Yesterday, Broc Romanek noted the continuing interest in mandating disclosure of political spending by corporations. See Battle Lines Being Drawn: Political Spending Disclosures. We are also seeing activity here in California.
Last week, Senator Noreen Evans introduced SB 121 to require any corporation that has shareholders located in California and that makes a contribution or expenditure (as defined):
to issue a report on the political expenditures of the corporation in the previous fiscal year, and
to notify shareholders not less than 24 hours prior to each political contribution during the fiscal year, by specified means, including posting the report and notification on the corporation’s Internet Web site, if any.
This bill is very similar to a bill, SB 982, introduced last year by Senator Evans. See Bill Seeks To Mandate Corporate Political Disclosures. That bill was referred to the Senate Banking and Financial Institutions Committee but the hearing was cancelled at the author’s request.
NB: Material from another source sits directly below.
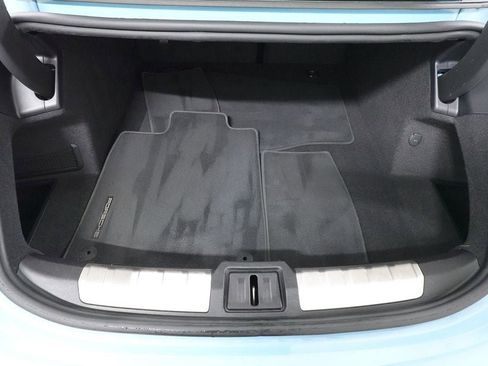 Used 2020 Porsche Taycan 4S image 28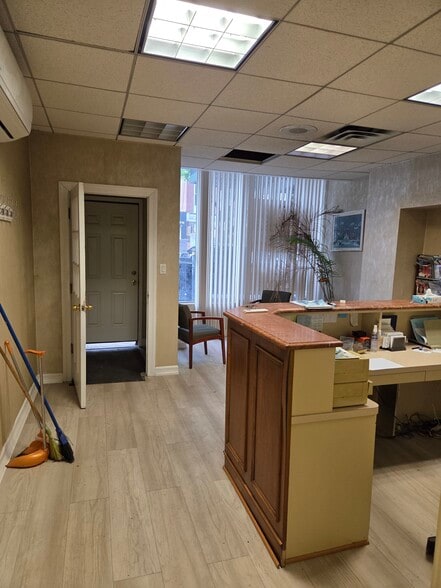 More Photos Of 224 Court St, Brooklyn Storefront Retail Residential For Lease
In the other house, Assemblymember Mike Gatto has even more ambitious plans. He has introduced AJR 1 which requests Congress to call a constitutional convention pursuant to Article V of the United States Constitution “for the sole purpose of proposing an amendment to the United States Constitution that would limit corporate personhood for purposes of campaign finance and political speech and would further declare that money does not constitute speech and may be democratically limited . . . .”
As discussed in this November 2011 post, the California Public Employees’ Retirement System amended its principles of corporate governance to recommend that corporate boards ”disclose on an annual basis the amounts and recipients of monetary and non-monetary contributions made by the company during the prior fiscal year”.